# knowledgeable native English speaker



## hhtt

"I would describe myself as knowledgeable native English speaker" cümlesinin Türkçe karşılıkları ne olabilir?


----------



## Şafak

İngilizce cümlede neyi anlamıyorsun merak ediyorum.


----------



## hhtt

Şafak said:


> İngilizce cümlede neyi anlamıyorsun merak ediyorum.

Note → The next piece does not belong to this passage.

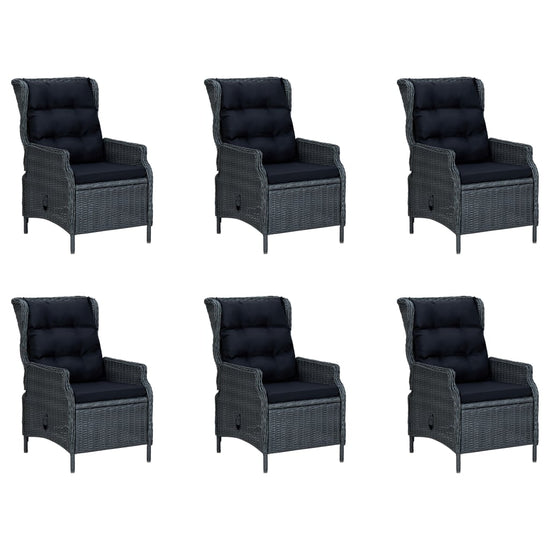 7-delige Tuinset donkergrijs MeubelReus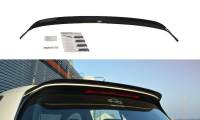 Maxton Design Spoiler Cap V.1 black gloss - VW Golf 7 / 7 Facelift R / R-Line / GTI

Güzel karşılıklarını arıyordum.


----------



## Şafak

Hala güzel karşılığı arıyorsan:

Kendimi bilgili bir İngilizce anadili olan biri olarak tanımlarım.

Harika.


----------



## elroy

İngilizce cümleden “a” eksik.

_I would describe myself as *a* knowledgeable native English speaker. _


----------



## kalenderi

Düz çeviri yapmak pek sağlıklı olmayacaktır. Ben şöyle çevirdim:

"Kendimi anadili İngilizceye vâkıf biri olarak tanımlıyorum."


----------



## drowsykush

“Kendimi ana dilim olan İngilizceye hâkim biri olarak tanımlayabilirim.”


----------



## misi2991

Kendimi bilgili bir İngilizce ana dil konuşuru olarak tanımlayabilirim.


----------



## kalenderi

Akademik yayınların etkisiyle ileride durum belki değişebilir ama "ana dil konuşuru" şu an gündelik hayatta pek kullanımı olmayan ve doğal durmayan bir ifade. Benim kulağıma çok "deneysel" ve tuhaf geliyor.

"İngilizce ana dil konuşurları" yerine "ana dili İngilizce olanlar" demek bana çok daha doğal geliyor.


----------



## kalenderi

Bu arada ana dilin yazılışında da bir standartsızlık ve karmaşa var. TDK sözlüğünde ayrı, Dil Derneğininkinde bitişik yazılıyor. Benzer şekilde Vikipedi'de "Anadili" ve "Uluslararası Anadili Günü" maddelerinde bitişik yazılırken aynı siteye bağlı Vikisözlük'te ayrı yazılı.


----------